El que desee tener un buen conocimiento de este pequeño y encantador país báltico que es Estonia debe viajar hasta alguna de las ellas. La ruta con mayor interés es la que comprende las islas de Muhu y Saarema, contiguas y unidas por un dique, lo que permite el paso de una a otra en automóvil. A ellas puede unirse también la pequeña isla de Abruka, situada frente a Kuressaare, capital de Saaremaa.

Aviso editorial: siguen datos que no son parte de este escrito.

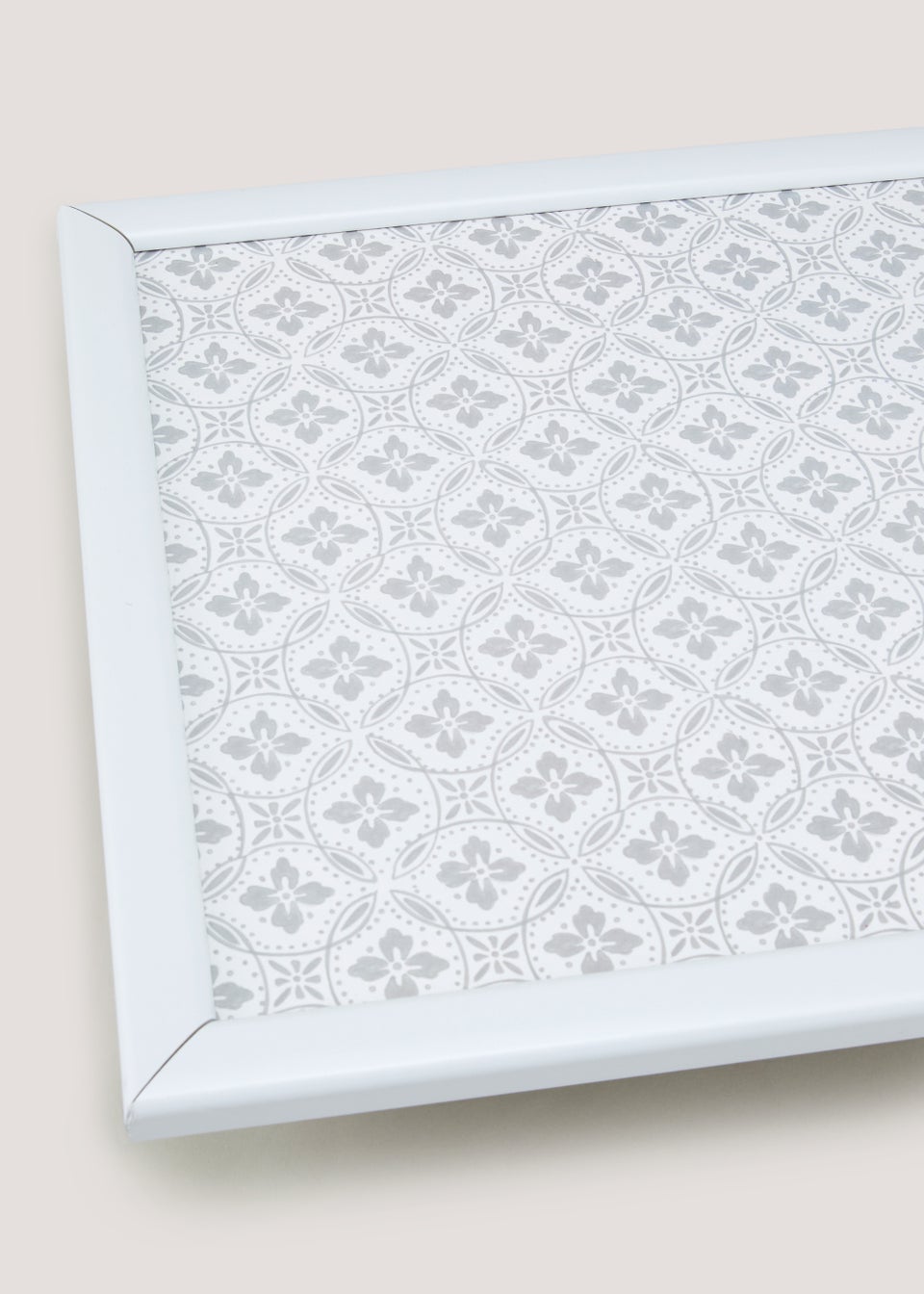 Grey Geo Print Lap Tray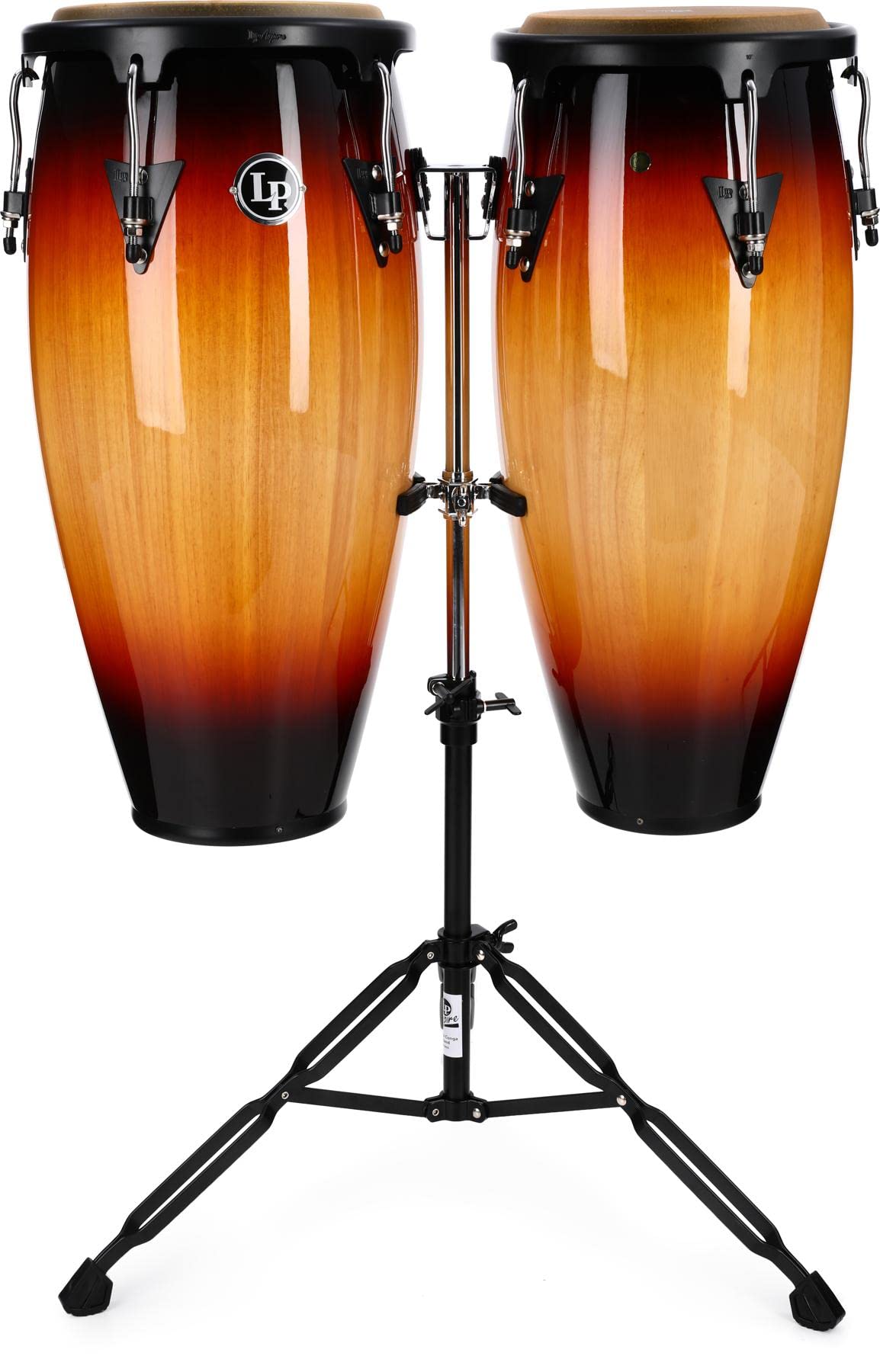 LP Aspire 10 & 11 inch Conga Set with Stand Vintage Sunburst LPA646-VSB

Una buena carretera une Tallin con el pueblecillo costero de Virtsu, del que salen los correos marítimos que unen el continente con Muhu.
Muhu, del continente a la insularidad
Una vez que el ferry ha atracado en su puerto de destino de Kuivatsu la carretera que atraviesa Muhu permite o bien ir directamente a Saaremaa o bien recorrer el territorio insular, que no por parvo es menos interesante. Muhu es la tercera isla por su superficie territorial de Estonia, con alrededor de 200 kilómetros cuadrados. Emergida de las aguas hace 8.000 años y poblada desde hace 5.000 por gentes del continente, pasó, como el resto del país, por muchas manos.
Muhu constituye un microcosmos de la vida insular cuya mejor expresión se encuentra en la aldea de Koguva, un verdadero “museo al aire libre” puesto que conserva las formas de vida campesinas en plena vigencia. La mayor parte de las viviendas son particulares y están habitadas, por lo que permanecen restringidas a los foráneos. El museo propiamente dicho se estableció el 1973 en una de las granjas, la de Tooma, en la que nació en 1922 uno de los habitantes más ilustres del pueblo: el escritor Juhan Smuul. Tooma es un espléndido exponente de la arquitectura rural estonia hecha a base de madera y con techos formados por una gruesa masa de cañamazo con funciones aislantes del frío, la lluvia y la nieve parece que excepcionales.
La hacienda de Pädaste
La vida de Muhu estuvo vinculada durante siglos a determinadas familias nobiliarias que establecieron sus haciendas en la isla. Una de ellas es la de Pädaste, cuyo origen data del 25 de junio de 1566 cuando el rey Federico II de Dinamarca otorgó tierras a la familia Knorr en agradecimiento a los servicios que ésta le había prestado. Las edificaciones actuales fueron construidas entre 1870 y 1890, una época de particular esplendor porque los barones von Buxhoeveden renovaron las haciendas de Pädaste y Kuivatsu. Todo se fue al traste con el asesinato de barón, las guerras y, peor aún, con la ocupación soviética, etapa en la que la hacienda se degradó mucho.
A partir de 1995 Pädaste experimentó una profunda rehabilitación hasta convertirse en un conjunto hotelero de alto nivel con capacidad para medio centenar de huéspedes. La casa solariega, así como las dependencias anejas (establos, lechería, granero, etc) situadas en derredor de un espacio central, reconvertido en jardín, han sido convertidas en un conjunto de viviendas sumamente confortables. Más allá de la cerca, la zona de marismas y un pequeño embarcadero desde el que se pueden realizar cortas singladuras por la costa insular.